▸ **What to do**:
Return nothing but the lines from the one with "832 Wilmott Terrace - Photo Thumbnail 9" through the one with "Пожилой водитель припарковался" in the data below, word for word and without pictures.

··· Provided data

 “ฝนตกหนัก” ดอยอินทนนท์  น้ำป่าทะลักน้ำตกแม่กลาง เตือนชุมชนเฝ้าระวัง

······
··· Provided data

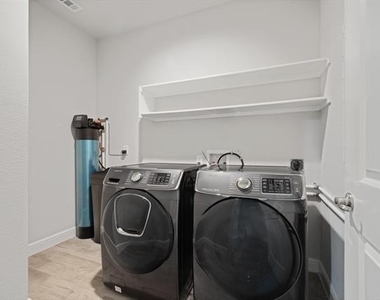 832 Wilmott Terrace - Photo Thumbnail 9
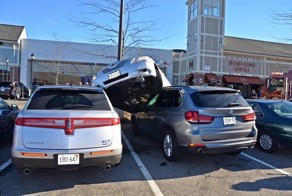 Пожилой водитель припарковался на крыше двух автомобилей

······

▸ **Result of the task**:
 832 Wilmott Terrace - Photo Thumbnail 9
 Пожилой водитель припарковался на крыше двух автомобилей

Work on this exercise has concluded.